中国不振で軒並み下方修正のトヨタ系部品メーカー、最も影響が大きいのは?
中国市場低迷の影響も最も受けているのがアイシン精機だ。売上高のほか、特に各利益は従来予想比約半分となる大幅な下方修正を実施した。中国での自動変速機の大幅な販売減が主な要因だ。伊勢清貴社長は「在庫調整は済んでおり、回復すれば伸ばせるが楽観視はしていない」と、慎重な見方を示した。
豊田自動織機とジェイテクトも売上高と全利益を下方修正する。ジェイテクトは北米での需要低迷によるベアリング、ステアリング工場の集約、整理による特別損失56億円を織り込む。安形哲夫社長は「ベアリングを中心に、中国での販売減も響く」と話す。
トヨタ紡織は欧州子会社での資金流出による見積損失33億円を織り込み、全利益項目を下方修正した。一方、愛知製鋼は中国向けの鍛造部品の販売減で売上高を下方修正するが、原材料費減などの効果で全利益項目は上方修正する。豊田合成は通期予想を据え置く。
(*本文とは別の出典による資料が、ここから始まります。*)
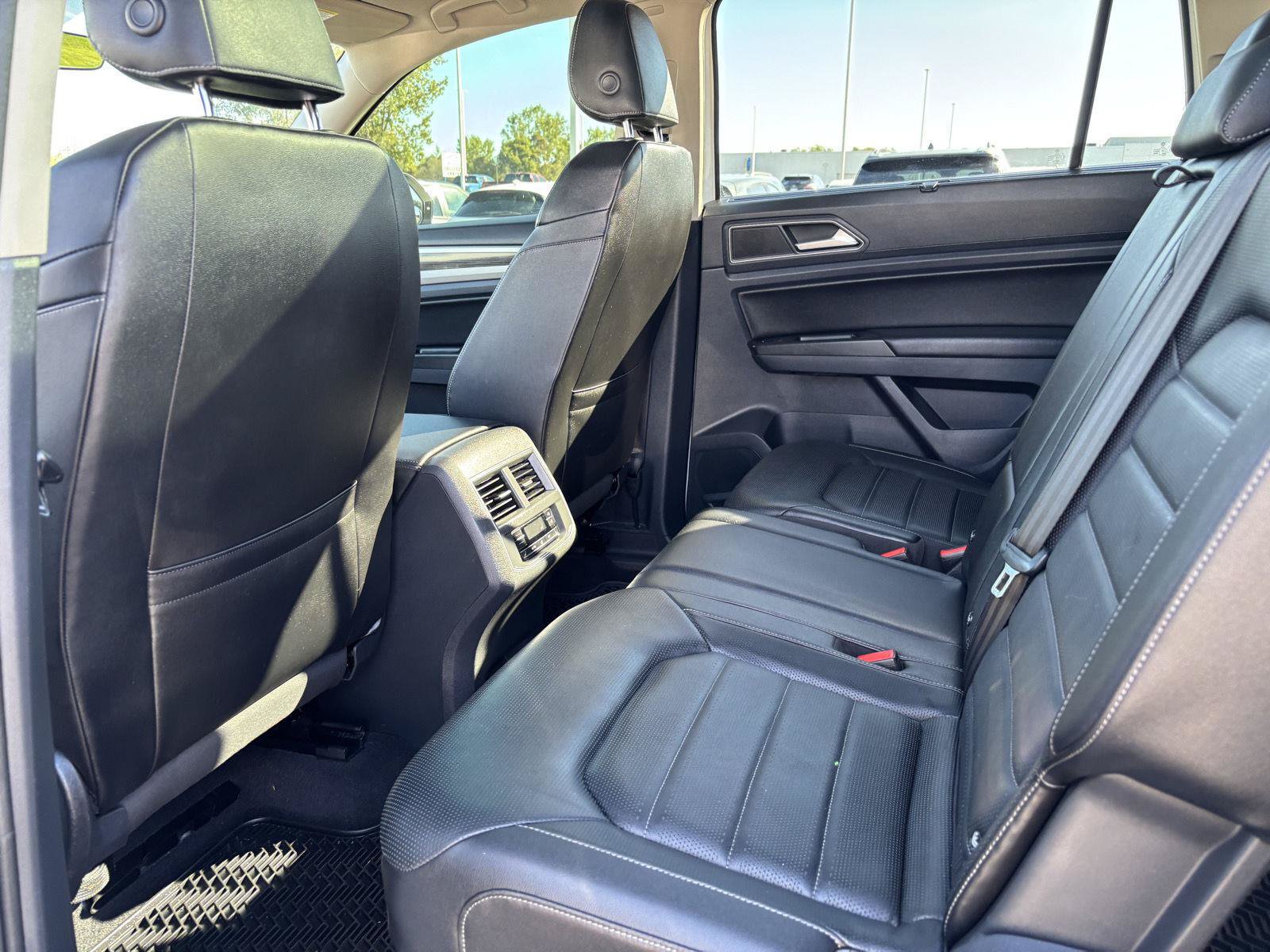 Used 2019 Volkswagen Atlas SEL AWD/4WD image 19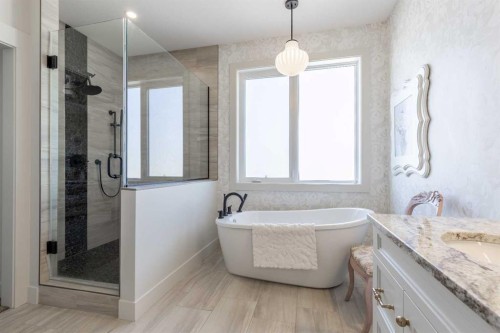 648 Sixmile Crescent South, Lethbridge, AB - Indoor Photo Showing Bathroom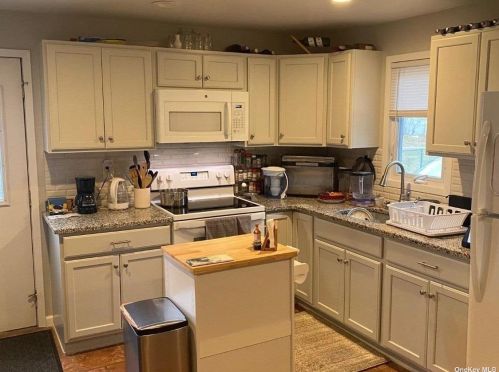54 Mohawk Dr, Babylon, NY 11703-3304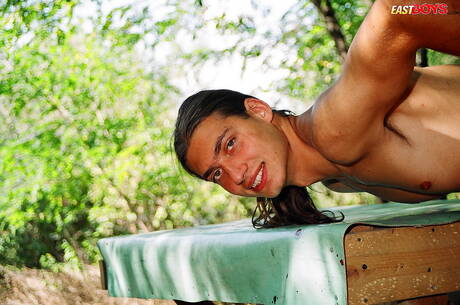 Jeune Koul se masturbant en extérieur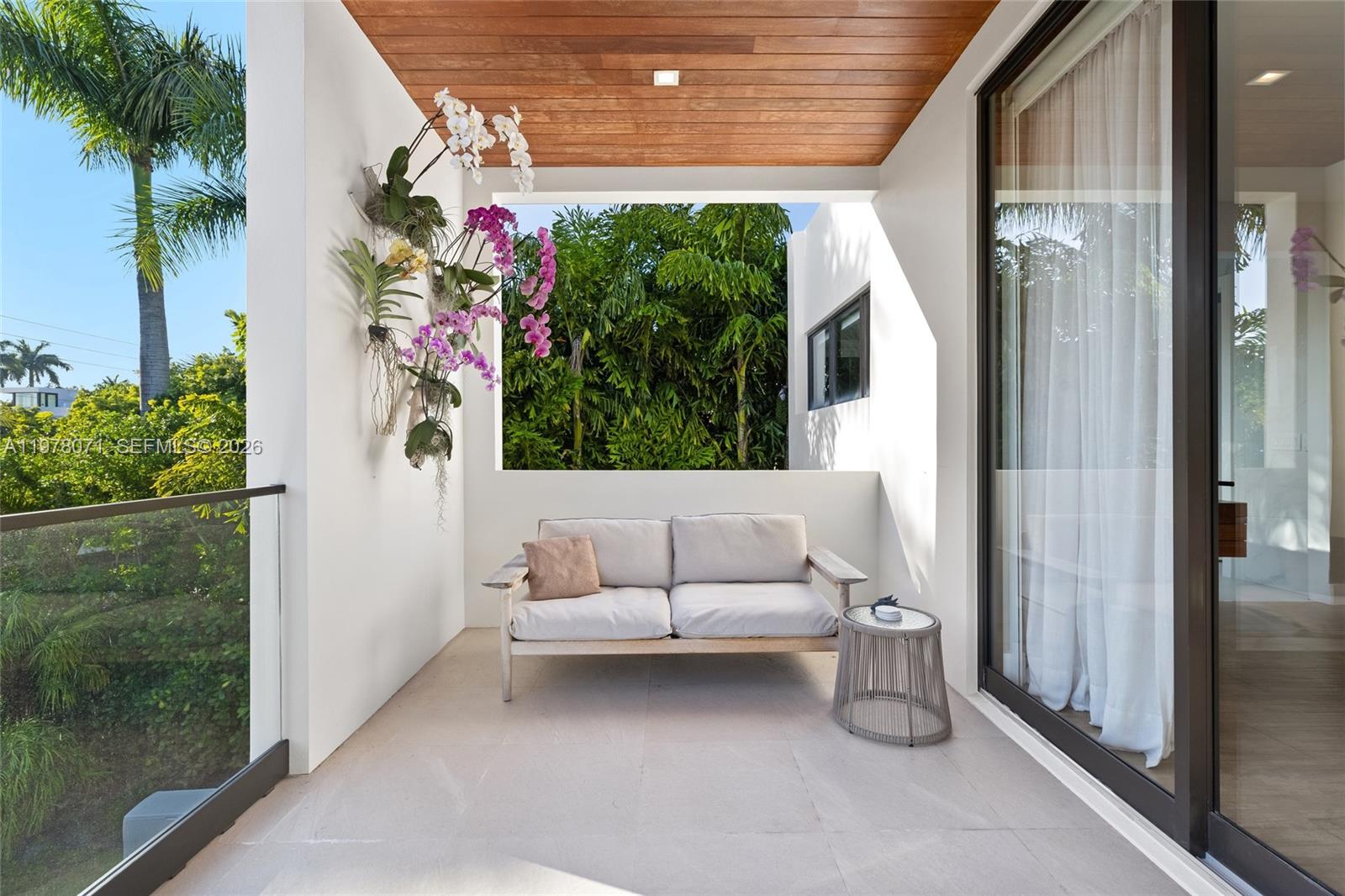 5701 North Bay Road Miami Beach, FL 33140 - Photo 32 of 52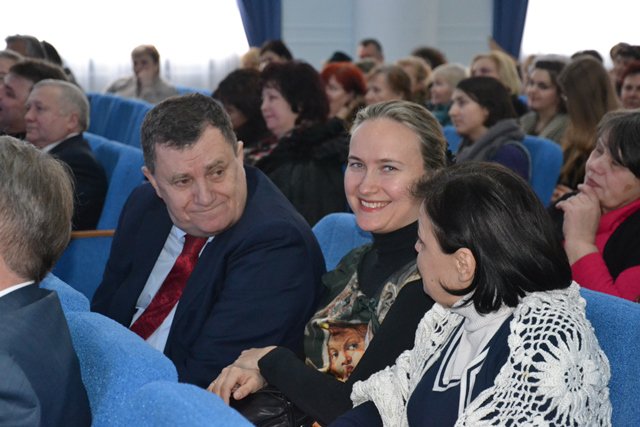 Драгоманівці привітали жінок з 8 Березня 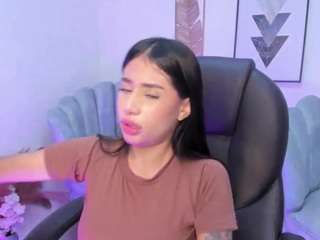 miranda-crawford Live Webcam on CamSoda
7社の19年4―9月期連結決算は、3社が増収営業増益、3社が減収営業減益、1社が増収営業減益。中国市場で不振が続く欧米系、地場系顧客との取引量の大きさで明暗が分かれた。
中堅も苦戦
一方、トヨタ自動車系中堅部品メーカー6社では、愛三工業とファインシンターが通期の利益見通しを下方修正した。愛三工業は中国で樹脂材料費が高騰したことが響いた。ファインシンターは中国に加え、北米で生産ロスが発生した。今回、通期予想を据え置いた4社も中国市場の不透明感を警戒しており、下期業績への影響が懸念される。
4―9月期連結決算は、フタバ産業、中央発條を除く4社が営業減益だった。中国市場の減速や為替の円高などが響いた。売上高は4社が増収を確保。主要顧客であるトヨタ自動車向け製品などが堅調に推移した。20年3月期連結業績予想は、2社が各利益段階で下方修正した。
東海理化は日本で主力のシートベルトなどが伸び、売上高は4―9月期として過去最高で着地した。ただ、売価や為替の変動がマイナスに振れたことで営業利益が微減となった。愛三工業、大豊工業、ファインシンターは中国市場の落ち込みが想定以上に大きく、2ケタの営業減益となった。
フタバは中国で増収を確保したほか、日米欧でもトヨタの新車種向けが好調だった。中央発條はグループで取り組んできた生産性向上や原材料費の低減といった活動が奏功し、営業利益を大きく押し上げた。